- _Task directions_: Could you output, word for word, only the lines from the line with "Center of Airline Location" to the end of the entries, including both ends? Omit the pictures.
**** Information given ****
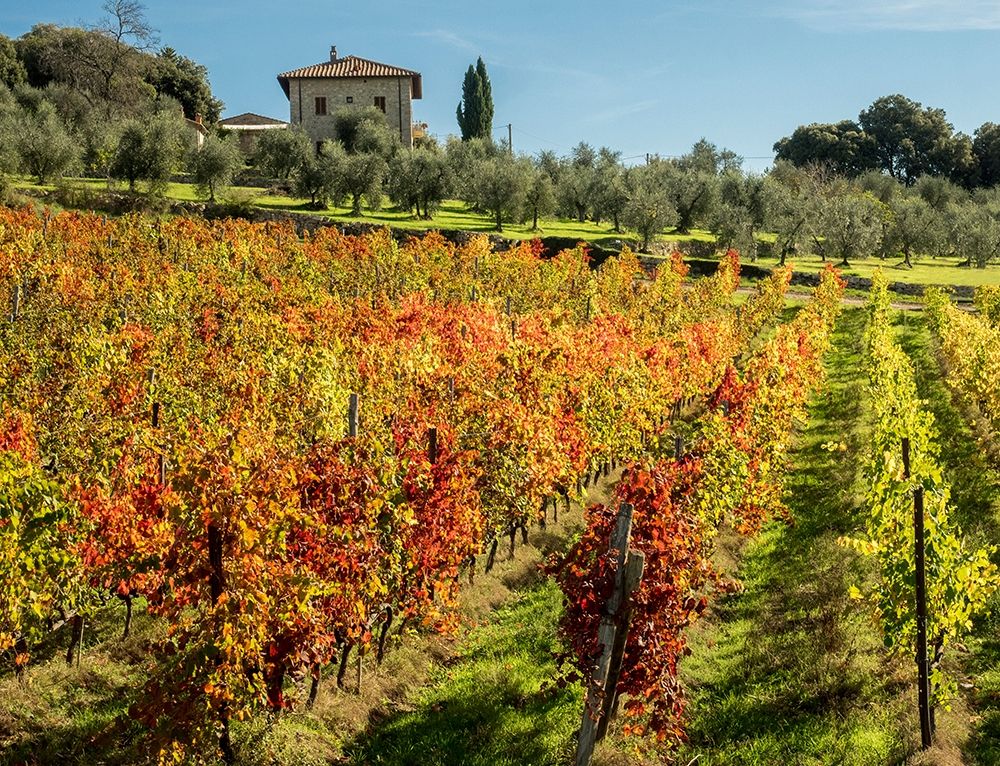 Italy-Chianti Vineyard in autumn in the Chianti region of Tuscany art print by Julie Eggers for $57.95 CAD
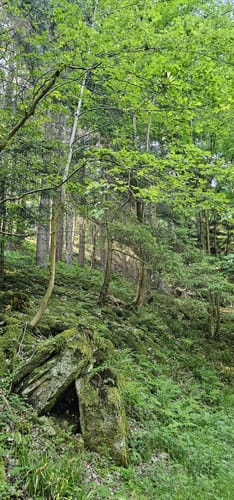 Westweg Etappe 1: Pforzheim - Dobel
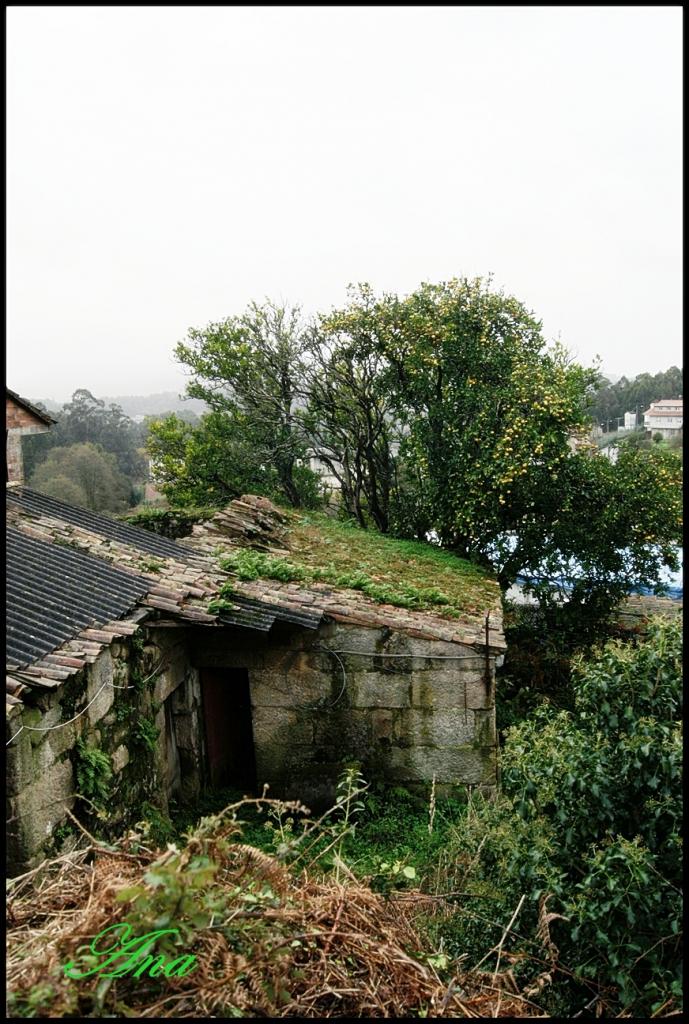 Foto de Marcón (Pontevedra), España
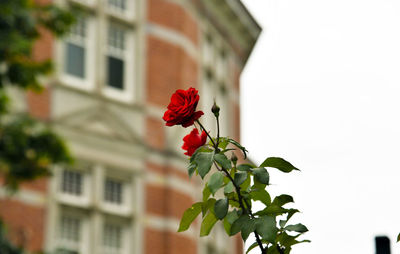 Low angle view of red rose blooming outdoors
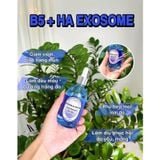 Tinh Chất Dermacrew Exosome B5 + HA Cấp Ẩm Sâu, Căng Bóng, Phục Hồi Da 100ml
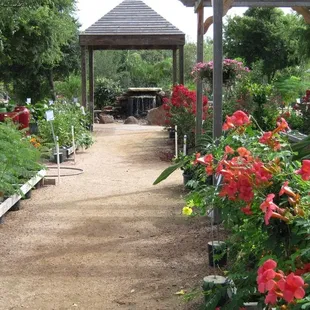 Center of Airline Location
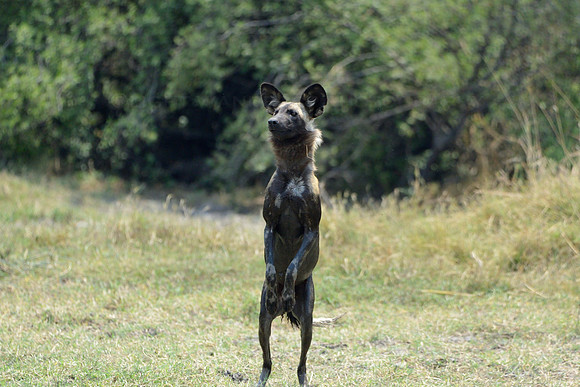 African Wild Dog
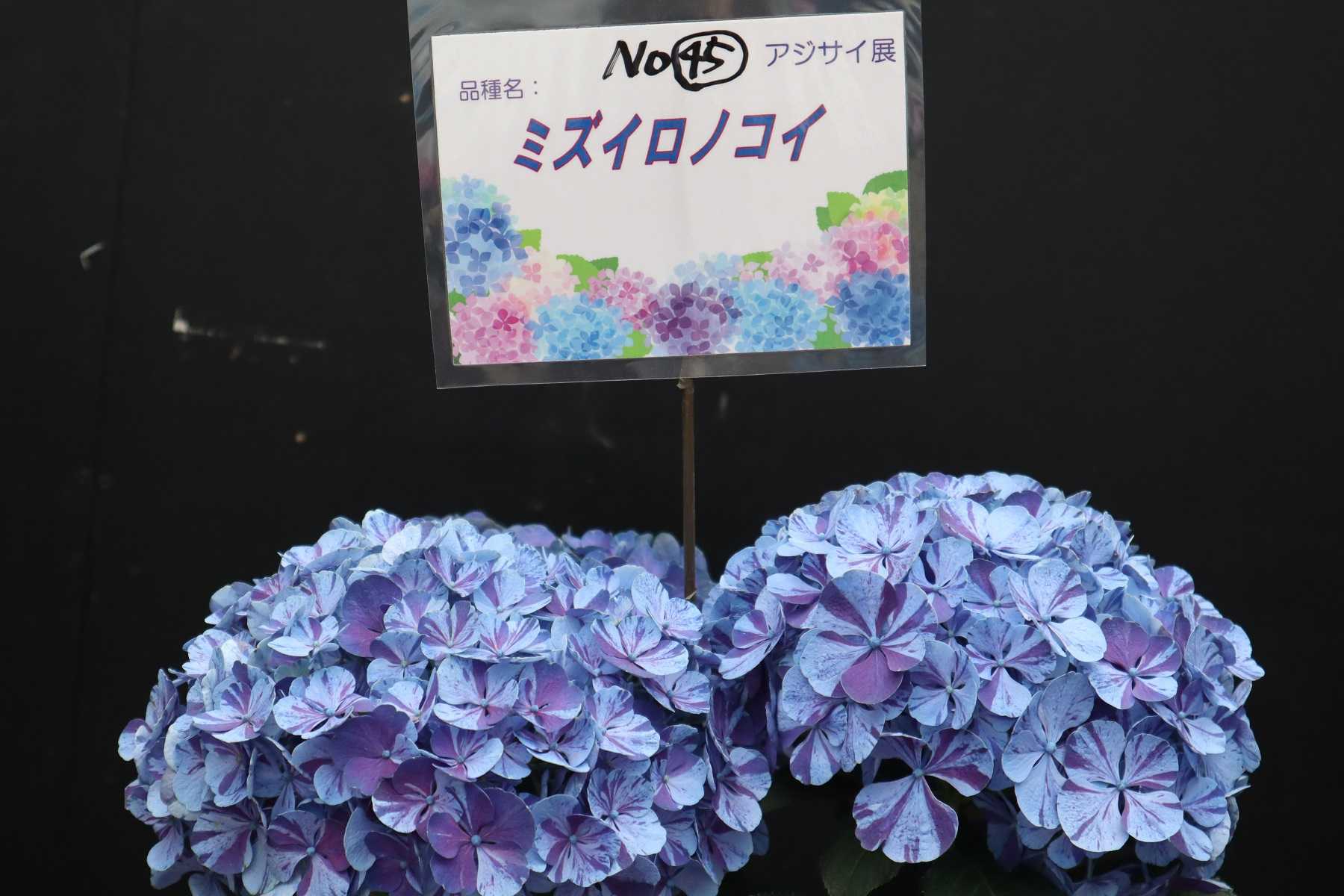 5 15とちぎ花センターのあじさい展 すわんの気ままなdiary 楽天ブログ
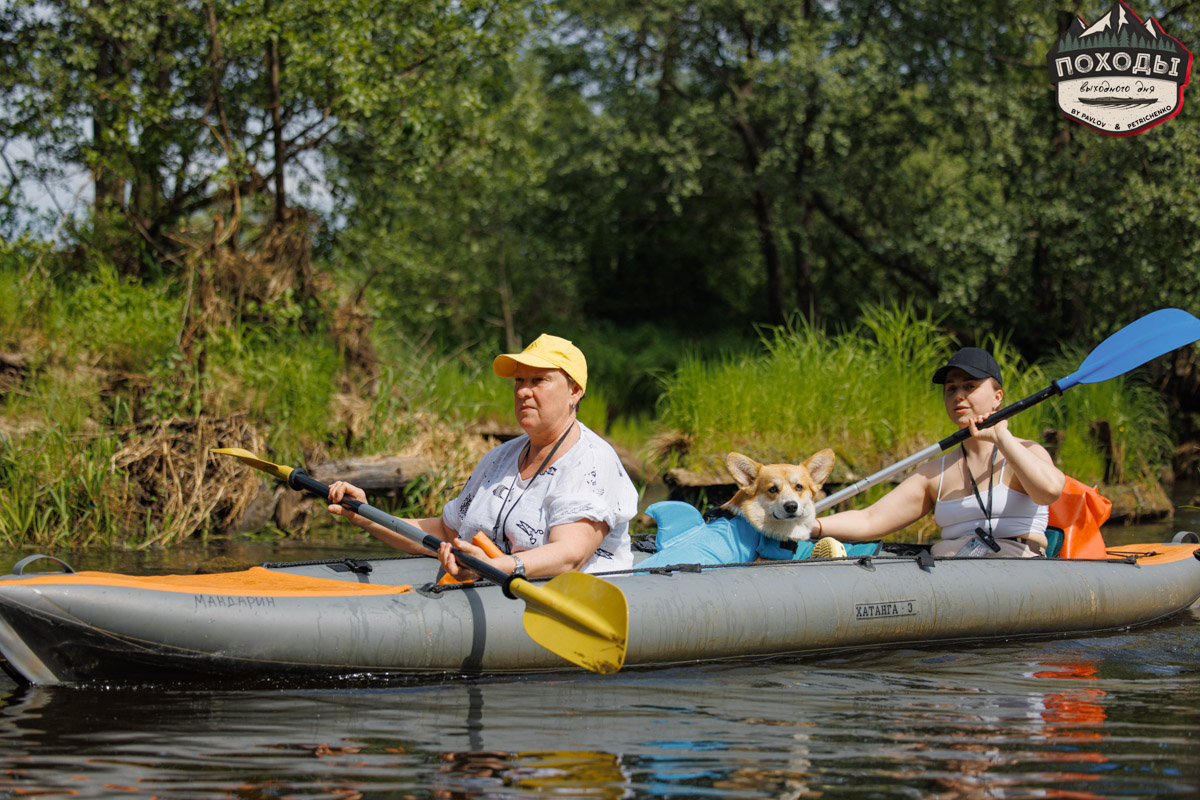 Не зря говорят: собака — лучший компаньон. С ней даже на байдарке можно сплавиться. Проверено! Убедились в этом в прошлое воскресенье владельцы мохнатых штурманов, отправившись с ними в путешествие по реке Судогде. Массу ярких фотографий и подробности милейшего события ищите в статье «Ключ-Медиа».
****
- _Solution_:
 Center of Airline Location
 African Wild Dog
 5 15とちぎ花センターのあじさい展 すわんの気ままなdiary 楽天ブログ
 Не зря говорят: собака — лучший компаньон. С ней даже на байдарке можно сплавиться. Проверено! Убедились в этом в прошлое воскресенье владельцы мохнатых штурманов, отправившись с ними в путешествие по реке Судогде. Массу ярких фотографий и подробности милейшего события ищите в статье «Ключ-Медиа».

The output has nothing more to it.